I’m not going to tell you about finding her in her bathroom, a pathetic little bundle on the floor, cutting herself with a razor blade.
I’m not going to tell you about sitting in my car in front of this small elite private college prep school and forcing my weeping fourteen-year old daughter to get out and face the school day.
I’m not going to tell you that I approached her favorite male teacher to follow up on the rumors even though she begged me not to. She said it would only make things worse.
She was right. Which I discovered when I sat watching soccer practice and some boys seated close by on the grass, not knowing who I was, would chant, “Number seventeen, number seventeen,” as she ran past. The number on her soccer jersey.
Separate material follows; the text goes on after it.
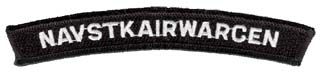 Navy NAVSTKAIRWARCEN Rocker Military Patch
We were new in town. Where we’d moved from she had lots of friends, boys and girls. Everyone was always at everyone else’s house. When she wanted to visit some boys, she’d met at this new school in this new town, I drove her there. Met the father. The mother was ill. Told him who I was. That my daughter was visiting.
No problem. The next time she wanted to visit I hesitated, but another girl was going with her. And she was lonely. Missing her old school and her friends.
The other mom picked up her daughter but left mine behind. When I called to say I’m going to get the girls, I was told she’d already collected her daughter.
The rest is history.
The parents were there. Much later I was told that no one allowed their girls to go to that house. I wish I’d had that warning before.
I’m not going to tell you how I changed her school three times. But the rumors followed. Or how we weathered the inevitable experimentation with drugs. And how, by the Grace of God and many prayers from me, she found her niche. Found self-confidence in modeling. Found direction. Graduated. Got a Bright Futures Scholarship. Loved Anthropology and teaching thirteen-year-old little girls the basics of modeling.
I ‘m not going to tell you that she died in a hail of bullets in a dirty parking lot. Being in the wrong place at the wrong time. Somewhere she would not have been, had she not been raped by a boy and his friends four years before.
I don’t know where he is today. Or what he’s doing. I do know that if his name came up in a high-profile issue, I would be hard-pressed not to tell my story.
No, I won’t tell you these things because it’s not what you want to hear.
On a parting note, I’m not a raging feminist. I questioned last year whether Me Too is turning into a witch hunt. (Read: "ME TOO" TURNING INTO A WITCH HUNT?)
But I’m tired of women not being given the same consideration as men.
Then again, as I said Mr. President, I’m not writing this letter to you.